Namah Chawla

Mivi’s take on its satirical ‘make in India’ campaign that targets its Made in China rivals

‘It was never our intent to take a dig at a particular brand’, says co-founder and CMO Midhula Devabhaktuni.

In its recent digital campaign, consumer electronics brand Mivi seems to be comparing itself to one of its main rivals. The earwear and wearables brand took the contrasting ‘Made in India’ and ‘Assembled in India’ propositions to mock its rival. 

The satirical campaign has generated close to two million views on Instagram and over nine million views on YouTube. 

Mivi has on-boarded social media influencers, Saksham Shukla and Chetan Goel, to portray two contrasting characters representing ‘Made in India’ and ‘Assembled in India’ respectively. The series aims to emphasise on the superiority of products manufactured in India that also meet global standards.

Clearing the air around the brand’s recent campaign, Mivi’s co-founder and CMO Midhula Devabhaktuni mentions, “It was never our intent to take a dig at a particular brand. Our ads talk about ‘Made in China’ versus ‘Made in India’. We want the customer to be able to tell the difference between ‘Made in India’ and ‘Assembled in India’ products, and that is what we’re communicating through our campaign.”

Lately, 'make in India' has become extremely crucial for this category. Brands like boAt and Boult have also made claims around the same lines. Another player in the category, Fire-Boltt also calls itself a 'homegrown' wearable and audio brand.

After 20 Indian soldiers were martyred in the Galwan valley in 2020, the country has been harbouring an anti-China sentiment and as a result boycotting Chinese goods. The coronavirus pandemic which began in Wuhan, China in December 2019 had also aggravated it. Since then several consumer electronic brands have been strongly claiming Indian origin to save themselves from this wrath. 

However, Devabhaktuni adds that ‘Made in India’ didn’t suddenly become important for Mivi. Since the brand’s inception, its focus has been to manufacture all its products in India. 

The brand’s research revealed that not a single brand was manufacturing products in India. As a result, Mivi was unable to hire engineers to develop its products, when it was first launched in 2016. The company started its journey by going to China with India-specific requirements and, simultaneously, also developed its team of engineers in the domestic market. 

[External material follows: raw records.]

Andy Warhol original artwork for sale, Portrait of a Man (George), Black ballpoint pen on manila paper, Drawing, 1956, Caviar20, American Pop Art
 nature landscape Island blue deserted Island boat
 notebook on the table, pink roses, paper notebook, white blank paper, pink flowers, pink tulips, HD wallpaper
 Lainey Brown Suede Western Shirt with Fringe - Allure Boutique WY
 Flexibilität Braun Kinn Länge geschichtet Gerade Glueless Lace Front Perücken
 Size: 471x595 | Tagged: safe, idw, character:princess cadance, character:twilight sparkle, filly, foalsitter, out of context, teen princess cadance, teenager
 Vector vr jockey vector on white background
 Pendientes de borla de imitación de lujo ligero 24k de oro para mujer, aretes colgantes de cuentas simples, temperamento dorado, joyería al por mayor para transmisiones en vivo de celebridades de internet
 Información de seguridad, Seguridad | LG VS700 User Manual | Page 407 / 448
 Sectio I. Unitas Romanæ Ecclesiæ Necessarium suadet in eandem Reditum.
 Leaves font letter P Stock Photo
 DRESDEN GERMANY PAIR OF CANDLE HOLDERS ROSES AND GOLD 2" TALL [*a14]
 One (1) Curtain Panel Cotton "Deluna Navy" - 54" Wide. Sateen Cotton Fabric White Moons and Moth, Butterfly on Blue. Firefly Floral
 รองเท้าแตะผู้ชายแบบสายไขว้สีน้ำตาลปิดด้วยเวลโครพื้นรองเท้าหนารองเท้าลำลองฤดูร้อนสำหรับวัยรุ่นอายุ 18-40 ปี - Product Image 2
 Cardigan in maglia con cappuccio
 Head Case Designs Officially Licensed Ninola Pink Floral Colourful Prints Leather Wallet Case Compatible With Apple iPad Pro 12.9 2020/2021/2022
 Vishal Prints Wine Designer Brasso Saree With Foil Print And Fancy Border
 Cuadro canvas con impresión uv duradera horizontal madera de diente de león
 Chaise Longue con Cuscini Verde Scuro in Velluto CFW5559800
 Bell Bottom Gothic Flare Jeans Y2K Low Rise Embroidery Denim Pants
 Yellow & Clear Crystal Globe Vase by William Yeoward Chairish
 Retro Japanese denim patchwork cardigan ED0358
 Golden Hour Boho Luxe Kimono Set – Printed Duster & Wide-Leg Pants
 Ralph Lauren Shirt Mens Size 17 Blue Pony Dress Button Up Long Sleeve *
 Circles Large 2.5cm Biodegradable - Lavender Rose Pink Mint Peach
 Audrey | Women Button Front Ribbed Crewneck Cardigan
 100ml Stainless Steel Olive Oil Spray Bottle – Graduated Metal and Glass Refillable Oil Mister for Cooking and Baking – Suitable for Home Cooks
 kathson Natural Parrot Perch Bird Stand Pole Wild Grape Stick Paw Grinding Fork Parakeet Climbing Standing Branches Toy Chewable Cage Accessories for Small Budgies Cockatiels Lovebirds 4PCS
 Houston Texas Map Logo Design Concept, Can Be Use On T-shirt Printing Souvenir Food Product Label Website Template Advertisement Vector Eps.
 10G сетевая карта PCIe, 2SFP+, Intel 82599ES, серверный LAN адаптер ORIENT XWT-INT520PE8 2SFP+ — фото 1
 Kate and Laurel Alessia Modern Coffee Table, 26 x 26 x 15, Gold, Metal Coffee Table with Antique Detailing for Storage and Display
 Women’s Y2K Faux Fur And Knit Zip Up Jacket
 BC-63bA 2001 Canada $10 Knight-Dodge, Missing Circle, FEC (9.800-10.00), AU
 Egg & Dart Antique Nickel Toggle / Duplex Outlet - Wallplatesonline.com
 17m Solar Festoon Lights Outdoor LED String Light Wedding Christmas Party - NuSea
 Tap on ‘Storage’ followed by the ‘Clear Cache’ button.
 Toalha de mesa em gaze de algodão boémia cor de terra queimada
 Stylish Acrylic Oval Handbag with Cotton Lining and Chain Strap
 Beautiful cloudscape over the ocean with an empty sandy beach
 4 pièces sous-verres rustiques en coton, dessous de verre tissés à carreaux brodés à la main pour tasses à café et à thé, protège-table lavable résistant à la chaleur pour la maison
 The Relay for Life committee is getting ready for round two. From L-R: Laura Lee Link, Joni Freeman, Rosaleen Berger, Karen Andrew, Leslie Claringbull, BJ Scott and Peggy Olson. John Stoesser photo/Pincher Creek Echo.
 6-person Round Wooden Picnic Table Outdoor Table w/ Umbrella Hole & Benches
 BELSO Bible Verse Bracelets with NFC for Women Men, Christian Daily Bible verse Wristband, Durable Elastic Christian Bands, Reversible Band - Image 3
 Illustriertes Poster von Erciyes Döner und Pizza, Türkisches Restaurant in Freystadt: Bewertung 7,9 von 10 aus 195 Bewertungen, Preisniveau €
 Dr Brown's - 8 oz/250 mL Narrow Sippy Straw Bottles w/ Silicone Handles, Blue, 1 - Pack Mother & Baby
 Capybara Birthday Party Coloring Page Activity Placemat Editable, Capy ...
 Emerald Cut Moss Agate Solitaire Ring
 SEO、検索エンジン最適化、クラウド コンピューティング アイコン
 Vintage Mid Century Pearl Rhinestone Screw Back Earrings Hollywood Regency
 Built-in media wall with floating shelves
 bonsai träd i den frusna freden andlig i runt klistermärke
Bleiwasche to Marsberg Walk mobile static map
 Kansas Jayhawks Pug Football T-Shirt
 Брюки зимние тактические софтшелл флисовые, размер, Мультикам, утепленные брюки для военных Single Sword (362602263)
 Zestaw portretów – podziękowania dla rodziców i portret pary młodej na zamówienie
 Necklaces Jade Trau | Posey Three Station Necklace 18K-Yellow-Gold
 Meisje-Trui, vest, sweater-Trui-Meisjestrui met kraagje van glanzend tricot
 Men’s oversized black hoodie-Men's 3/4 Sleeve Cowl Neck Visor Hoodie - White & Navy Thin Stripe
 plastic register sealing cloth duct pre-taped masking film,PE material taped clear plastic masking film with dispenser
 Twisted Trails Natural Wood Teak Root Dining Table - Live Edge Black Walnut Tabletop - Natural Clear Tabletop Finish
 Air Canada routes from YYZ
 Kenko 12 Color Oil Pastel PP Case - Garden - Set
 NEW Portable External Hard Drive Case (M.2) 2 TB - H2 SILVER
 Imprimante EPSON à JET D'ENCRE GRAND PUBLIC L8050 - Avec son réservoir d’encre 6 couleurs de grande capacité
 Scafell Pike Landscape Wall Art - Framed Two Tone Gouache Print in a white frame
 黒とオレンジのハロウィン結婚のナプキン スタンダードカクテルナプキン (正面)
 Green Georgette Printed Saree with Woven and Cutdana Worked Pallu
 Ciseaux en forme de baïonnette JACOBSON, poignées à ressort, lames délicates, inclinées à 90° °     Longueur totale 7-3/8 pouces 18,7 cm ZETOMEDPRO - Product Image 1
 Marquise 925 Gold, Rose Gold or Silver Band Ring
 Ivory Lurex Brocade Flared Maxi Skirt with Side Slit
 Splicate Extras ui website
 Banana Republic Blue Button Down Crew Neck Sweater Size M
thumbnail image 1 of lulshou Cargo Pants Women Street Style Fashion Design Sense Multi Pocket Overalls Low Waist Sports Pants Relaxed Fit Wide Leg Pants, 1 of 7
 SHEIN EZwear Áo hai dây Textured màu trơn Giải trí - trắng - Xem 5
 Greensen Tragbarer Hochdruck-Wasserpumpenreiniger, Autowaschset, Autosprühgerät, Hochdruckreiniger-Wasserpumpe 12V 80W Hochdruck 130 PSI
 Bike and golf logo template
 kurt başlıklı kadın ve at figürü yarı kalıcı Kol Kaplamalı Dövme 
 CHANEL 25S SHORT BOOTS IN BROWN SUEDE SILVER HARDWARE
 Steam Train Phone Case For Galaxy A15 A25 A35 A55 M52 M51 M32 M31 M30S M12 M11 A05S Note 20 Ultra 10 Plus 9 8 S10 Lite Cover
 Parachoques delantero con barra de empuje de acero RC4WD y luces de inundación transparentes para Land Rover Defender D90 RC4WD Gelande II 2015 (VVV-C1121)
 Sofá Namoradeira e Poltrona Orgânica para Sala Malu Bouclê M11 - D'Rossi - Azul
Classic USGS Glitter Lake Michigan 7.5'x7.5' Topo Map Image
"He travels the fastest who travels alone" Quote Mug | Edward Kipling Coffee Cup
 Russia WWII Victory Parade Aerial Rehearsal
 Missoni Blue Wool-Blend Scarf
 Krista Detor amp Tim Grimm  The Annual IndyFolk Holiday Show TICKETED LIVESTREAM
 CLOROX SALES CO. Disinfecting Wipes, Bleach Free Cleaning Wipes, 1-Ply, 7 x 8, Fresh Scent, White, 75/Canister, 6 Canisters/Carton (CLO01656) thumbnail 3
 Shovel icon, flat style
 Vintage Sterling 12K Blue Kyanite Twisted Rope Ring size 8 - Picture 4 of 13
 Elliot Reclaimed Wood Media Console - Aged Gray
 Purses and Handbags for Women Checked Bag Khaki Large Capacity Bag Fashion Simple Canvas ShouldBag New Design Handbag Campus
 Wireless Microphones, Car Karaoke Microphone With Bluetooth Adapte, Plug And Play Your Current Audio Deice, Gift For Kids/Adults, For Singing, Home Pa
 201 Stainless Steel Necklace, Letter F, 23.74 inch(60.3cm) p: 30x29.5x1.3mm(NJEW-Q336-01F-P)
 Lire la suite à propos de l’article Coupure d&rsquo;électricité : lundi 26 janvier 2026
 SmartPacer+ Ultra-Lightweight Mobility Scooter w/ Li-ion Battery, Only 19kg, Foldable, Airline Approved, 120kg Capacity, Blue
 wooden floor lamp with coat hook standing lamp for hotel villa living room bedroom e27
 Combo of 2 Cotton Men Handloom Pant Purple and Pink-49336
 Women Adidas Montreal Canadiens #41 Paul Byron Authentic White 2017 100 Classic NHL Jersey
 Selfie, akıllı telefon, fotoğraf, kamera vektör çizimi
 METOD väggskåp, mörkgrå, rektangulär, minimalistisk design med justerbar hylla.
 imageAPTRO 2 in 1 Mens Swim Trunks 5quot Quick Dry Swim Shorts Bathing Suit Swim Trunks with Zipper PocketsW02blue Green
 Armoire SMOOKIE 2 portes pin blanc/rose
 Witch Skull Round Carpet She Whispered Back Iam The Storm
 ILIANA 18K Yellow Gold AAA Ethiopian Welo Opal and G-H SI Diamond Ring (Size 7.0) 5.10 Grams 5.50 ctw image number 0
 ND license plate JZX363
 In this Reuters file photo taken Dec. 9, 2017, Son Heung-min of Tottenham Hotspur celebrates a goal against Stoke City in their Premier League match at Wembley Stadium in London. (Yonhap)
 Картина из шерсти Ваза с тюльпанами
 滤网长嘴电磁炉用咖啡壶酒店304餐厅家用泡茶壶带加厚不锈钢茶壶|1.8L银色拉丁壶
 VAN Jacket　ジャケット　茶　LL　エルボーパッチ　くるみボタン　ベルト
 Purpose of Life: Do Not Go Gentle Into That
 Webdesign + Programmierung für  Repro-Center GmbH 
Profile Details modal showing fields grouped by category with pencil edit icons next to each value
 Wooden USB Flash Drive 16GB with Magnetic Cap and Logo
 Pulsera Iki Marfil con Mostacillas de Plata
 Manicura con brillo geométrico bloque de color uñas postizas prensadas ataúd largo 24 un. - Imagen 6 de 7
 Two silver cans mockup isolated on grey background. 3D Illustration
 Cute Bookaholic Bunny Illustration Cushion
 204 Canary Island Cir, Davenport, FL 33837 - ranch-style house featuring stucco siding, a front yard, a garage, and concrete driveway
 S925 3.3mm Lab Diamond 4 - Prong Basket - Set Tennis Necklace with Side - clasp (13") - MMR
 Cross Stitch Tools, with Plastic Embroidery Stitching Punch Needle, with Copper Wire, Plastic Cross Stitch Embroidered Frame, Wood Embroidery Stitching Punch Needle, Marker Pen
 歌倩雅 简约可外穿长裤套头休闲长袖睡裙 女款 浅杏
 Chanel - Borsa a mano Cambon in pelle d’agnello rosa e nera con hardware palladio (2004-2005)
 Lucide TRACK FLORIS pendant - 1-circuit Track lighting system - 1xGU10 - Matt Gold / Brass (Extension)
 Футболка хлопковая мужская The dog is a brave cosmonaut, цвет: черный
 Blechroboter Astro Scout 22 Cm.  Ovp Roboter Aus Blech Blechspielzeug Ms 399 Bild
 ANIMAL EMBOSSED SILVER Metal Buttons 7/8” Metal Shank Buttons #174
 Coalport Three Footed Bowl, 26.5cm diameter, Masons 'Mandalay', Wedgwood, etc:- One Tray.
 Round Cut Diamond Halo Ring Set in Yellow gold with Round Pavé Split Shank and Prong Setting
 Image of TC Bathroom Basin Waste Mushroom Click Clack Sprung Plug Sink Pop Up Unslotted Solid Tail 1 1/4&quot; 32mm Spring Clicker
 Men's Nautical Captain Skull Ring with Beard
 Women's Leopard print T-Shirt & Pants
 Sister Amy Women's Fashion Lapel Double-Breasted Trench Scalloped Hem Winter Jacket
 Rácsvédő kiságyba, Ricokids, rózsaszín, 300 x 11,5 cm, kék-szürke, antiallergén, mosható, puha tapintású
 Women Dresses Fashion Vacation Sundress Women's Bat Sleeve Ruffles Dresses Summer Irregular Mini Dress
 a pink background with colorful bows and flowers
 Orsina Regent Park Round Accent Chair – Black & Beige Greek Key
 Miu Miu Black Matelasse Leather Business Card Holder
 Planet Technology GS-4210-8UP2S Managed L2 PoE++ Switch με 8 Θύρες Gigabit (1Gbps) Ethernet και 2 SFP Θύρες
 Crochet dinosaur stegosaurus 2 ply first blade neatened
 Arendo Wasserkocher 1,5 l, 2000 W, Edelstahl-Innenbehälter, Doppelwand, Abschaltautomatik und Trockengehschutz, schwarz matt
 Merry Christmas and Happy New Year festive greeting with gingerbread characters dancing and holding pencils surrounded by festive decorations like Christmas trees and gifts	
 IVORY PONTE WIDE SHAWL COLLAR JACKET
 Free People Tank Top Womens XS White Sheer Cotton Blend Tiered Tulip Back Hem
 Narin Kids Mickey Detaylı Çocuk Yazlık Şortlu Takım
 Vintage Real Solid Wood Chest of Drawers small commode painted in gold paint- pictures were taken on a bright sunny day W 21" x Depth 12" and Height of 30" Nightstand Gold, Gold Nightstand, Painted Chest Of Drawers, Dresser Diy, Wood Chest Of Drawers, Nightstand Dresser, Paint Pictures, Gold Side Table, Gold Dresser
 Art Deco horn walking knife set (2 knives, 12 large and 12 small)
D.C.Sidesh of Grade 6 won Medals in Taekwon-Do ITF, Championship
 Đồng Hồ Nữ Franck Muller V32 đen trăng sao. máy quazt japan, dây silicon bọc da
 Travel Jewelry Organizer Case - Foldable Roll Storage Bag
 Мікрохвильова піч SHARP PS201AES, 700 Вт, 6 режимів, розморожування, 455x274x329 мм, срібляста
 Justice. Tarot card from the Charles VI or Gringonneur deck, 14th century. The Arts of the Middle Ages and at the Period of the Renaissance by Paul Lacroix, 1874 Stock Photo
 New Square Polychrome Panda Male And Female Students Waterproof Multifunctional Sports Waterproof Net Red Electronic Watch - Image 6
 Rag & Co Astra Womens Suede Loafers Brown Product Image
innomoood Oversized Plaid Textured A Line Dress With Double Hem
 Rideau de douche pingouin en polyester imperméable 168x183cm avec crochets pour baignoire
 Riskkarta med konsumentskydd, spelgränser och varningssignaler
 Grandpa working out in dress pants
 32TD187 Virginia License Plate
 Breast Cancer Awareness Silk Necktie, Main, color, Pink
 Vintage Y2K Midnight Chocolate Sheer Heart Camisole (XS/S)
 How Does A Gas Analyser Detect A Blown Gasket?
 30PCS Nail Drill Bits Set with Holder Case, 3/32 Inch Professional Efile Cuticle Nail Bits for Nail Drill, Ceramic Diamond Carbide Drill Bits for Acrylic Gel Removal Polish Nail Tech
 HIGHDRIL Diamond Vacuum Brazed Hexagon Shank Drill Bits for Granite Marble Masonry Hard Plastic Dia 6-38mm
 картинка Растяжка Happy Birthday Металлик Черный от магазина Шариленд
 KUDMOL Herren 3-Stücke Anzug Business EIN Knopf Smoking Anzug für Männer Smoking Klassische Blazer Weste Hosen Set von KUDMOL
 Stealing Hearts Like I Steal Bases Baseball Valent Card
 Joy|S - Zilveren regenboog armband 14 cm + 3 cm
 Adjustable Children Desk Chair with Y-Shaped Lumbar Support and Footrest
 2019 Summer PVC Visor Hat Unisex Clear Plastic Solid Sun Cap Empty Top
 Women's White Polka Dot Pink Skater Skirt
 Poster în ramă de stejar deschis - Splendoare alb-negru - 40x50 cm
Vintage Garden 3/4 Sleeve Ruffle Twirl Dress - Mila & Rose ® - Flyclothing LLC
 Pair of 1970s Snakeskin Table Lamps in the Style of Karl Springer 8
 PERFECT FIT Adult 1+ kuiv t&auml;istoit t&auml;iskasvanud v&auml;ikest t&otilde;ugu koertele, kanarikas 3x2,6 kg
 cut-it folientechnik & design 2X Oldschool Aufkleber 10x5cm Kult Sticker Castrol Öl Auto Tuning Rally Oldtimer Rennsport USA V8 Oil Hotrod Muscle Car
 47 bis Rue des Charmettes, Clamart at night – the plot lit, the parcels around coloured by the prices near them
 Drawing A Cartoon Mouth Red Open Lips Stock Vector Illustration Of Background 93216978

Devabhaktuni informs that it took the brand almost six years to set up its first manufacturing unit in India. Now, Mivi employs over 1,500 people. Elaborating on the reason for manufacturing in India, she points out that the imported products don’t cater to the needs of Indian consumers. 

Mivi uses technology that makes its products dust-proof and waterproof. For the consumers of electronic products, dust has always been a serious concern. 

As per the co-founder, ‘Made in India’ products are important because they cater to the unique and specific needs of the Indian consumers. Such products also create more employment opportunities within the country and, in turn, contribute to the economy. 

What edge does the ‘Made in India’ proposition provide to Mivi? Devabhaktuni states that it helps the brand to create better quality and more premium products that are also affordable. A brand that designs its products in India, also gets to decide on the components used, tech specs, quality, and entire look and feel.

If a brand is just ‘assembling’, it doesn’t have any control over the product. It is as if the brand is directly buying the product from China and selling it in India.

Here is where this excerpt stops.